Secara normatif, praktik tersebut juga dinilai melanggar Peraturan Presiden Nomor 115 Tahun 2025 tentang Program Makan Bergizi Gratis. Pasal 6 peraturan ini mewajibkan penjaminan dan pengawasan keamanan serta mutu pangan dalam pelaksanaan MBG. Sementara Pasal 54 menegaskan kewajiban pemantauan, pengawasan, dan evaluasi program guna menjamin akuntabilitas. Beroperasinya puluhan dapur tanpa SLHS dinilai mencerminkan lemahnya pengawasan di tingkat daerah.
Perwakilan Central Commando JOL Polewali Mandar, Erwin, menilai temuan tersebut bukan sekadar persoalan administratif, melainkan menyangkut aspek keselamatan publik.
“Sebanyak 48 dapur MBG di Polewali Mandar beroperasi tanpa SLHS. Ini bertentangan dengan Pasal 6 dan Pasal 54 Perpres 115 Tahun 2025 serta melanggar Pasal 86 UU Pangan dan Pasal 109 UU Kesehatan,” kata Erwin.
Menurut dia, operasional dapur MBG tanpa SLHS berpotensi melanggar Undang-Undang Nomor 18 Tahun 2012 tentang Pangan, khususnya Pasal 86 yang mewajibkan setiap pelaku produksi pangan memenuhi standar keamanan dan mutu. Selain itu, ketentuan Pasal 109 Undang-Undang Nomor 36 Tahun 2009 tentang Kesehatan juga mengharuskan setiap tempat pengelolaan makanan memenuhi persyaratan kesehatan lingkungan.
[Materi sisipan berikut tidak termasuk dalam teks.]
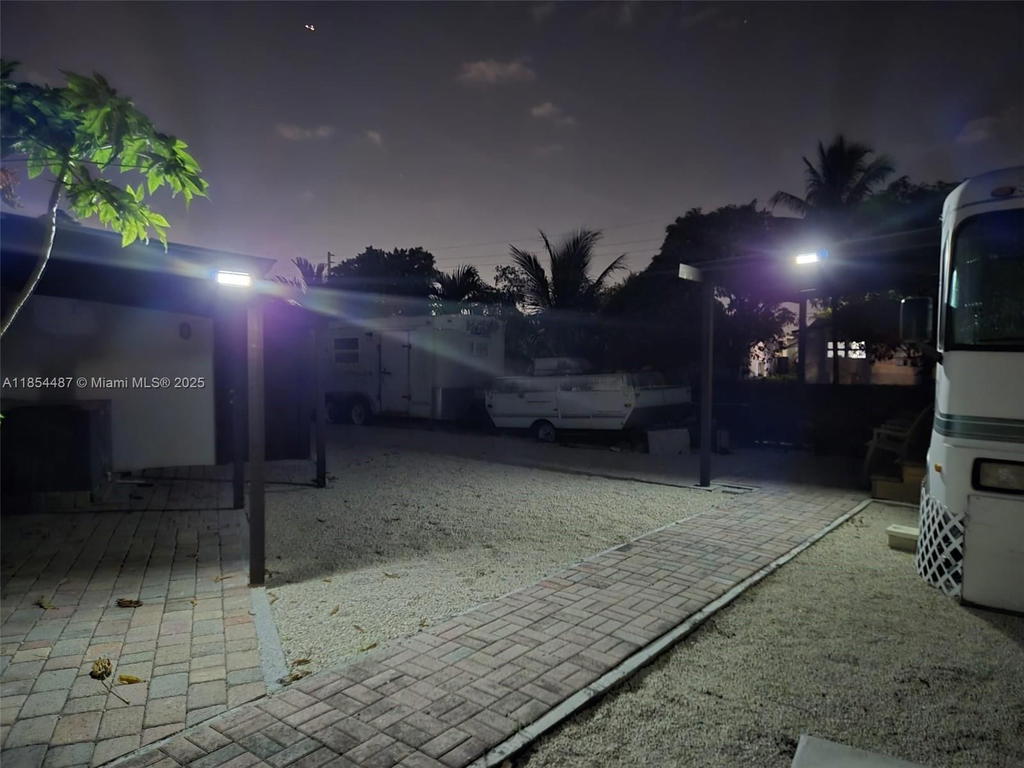 Real estate property located at 4301 45th Ave, Broward, Oakland Estates 1st Sec, Lauderdale Lakes, FL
Erwin menambahkan, persoalan pengelolaan limbah dapur MBG juga membuka potensi pelanggaran Undang-Undang Nomor 32 Tahun 2009 tentang Perlindungan dan Pengelolaan Lingkungan Hidup. Jika limbah cair dibuang tanpa IPAL yang layak, praktik tersebut dapat dikualifikasikan sebagai perbuatan melawan hukum dengan ancaman pidana sebagaimana diatur dalam Pasal 104 undang-undang tersebut.
Menindaklanjuti hasil RDP, DPRD Polewali Mandar menyepakati langkah sidak ke dapur-dapur MBG guna memastikan kepatuhan pelaksana program terhadap SOP dan ketentuan perundang-undangan yang berlaku. JOL Polewali Mandar menegaskan komitmennya untuk mengawal hasil kesepakatan tersebut hingga tuntas.
“Jika ditemukan pelanggaran yang berkelanjutan, penghentian sementara operasional dapur MBG yang tidak memenuhi standar merupakan langkah yang sah dan sejalan dengan petunjuk teknis program,” ujar Erwin.
Ia menegaskan, langkah tegas diperlukan agar Program Makan Bergizi Gratis tidak justru menjadi sumber risiko kesehatan dan lingkungan bagi masyarakat, khususnya bagi kelompok penerima manfaat.